The Recipient will: (i) protect the confidentiality of the Confidential Information using the same degree of care that it uses with its own confidential information of similar nature, but with no less than reasonable care, (ii) not use any Confidential Information for any purpose outside the scope of the Agreement, (iii) not disclose Confidential Information to any third party (except for the purpose of professional advice), and (iv) limit access to Confidential Information to its employees, contractors, advisors and agents. The Recipient may disclose Confidential Information if required to do so under any law, statute, rule or regulation, investigation or legal process.

You grant us the right to use your name and company logo in our customer list, the Platform, and our promotional and marketing materials, for the purpose of publicizing and promoting the Filma Services.

No Third Party
Nothing in the Agreement is intended to or will confer upon any third party person or entity any right, benefit or remedy of any nature under or by reason of the Agreement.

Applicable Law
The Agreement is governed by the laws of The United States of America without reference to conflicts of laws principles.

Dispute Resolution
All disputes arising out of or in connection with the Agreement, including any question regarding its existence, validity or termination (“Dispute”), will be resolved in accordance with the procedures specified below, which will be the sole and exclusive procedures for the resolution of any such Dispute.

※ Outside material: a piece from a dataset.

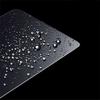 For HiGrace A6H A7L 11" Tablet Tempered Glass Screen Protector for Higrace HGCKB1004 10.1" Full Cover Clear Protective Pad Film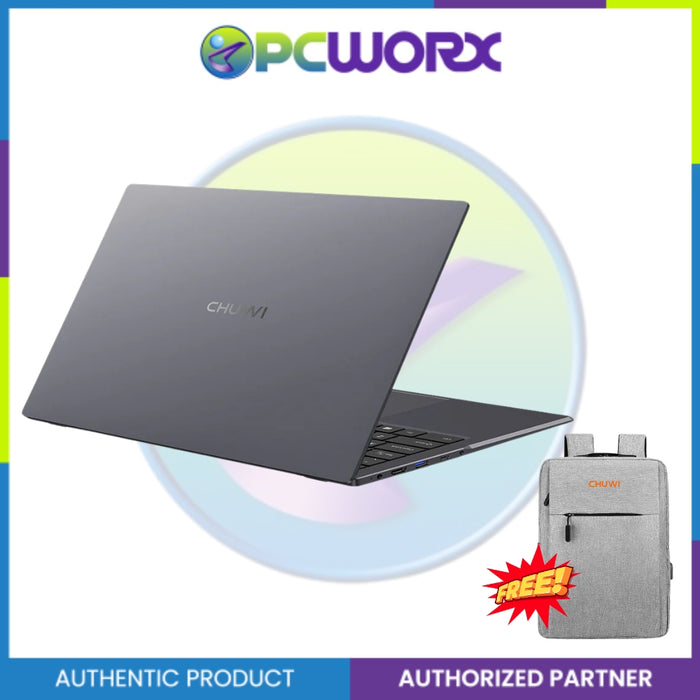 Chuwi GemiBook Xpro 14.1inch Laptop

The Brand and Film will endeavour to resolve any Dispute amicably by negotiation between executives who have authority to settle the Dispute.

Any Dispute not resolved by negotiation within 30 days after either the Brand or Filma requested in writing or within such other period as you and we may agree in writing, will be settled amicably by mediation under the Delaware’s Court of Chancery’s Mediation Procedure.

Any Dispute not resolved by mediation in accordance with above within 30 calendar days after appointment of the mediator, or within such other period as the Brand and Filma may agree in writing, will be finally settled by arbitration administered by the American Arbitration Association. The language of arbitration is agreed to be only in English.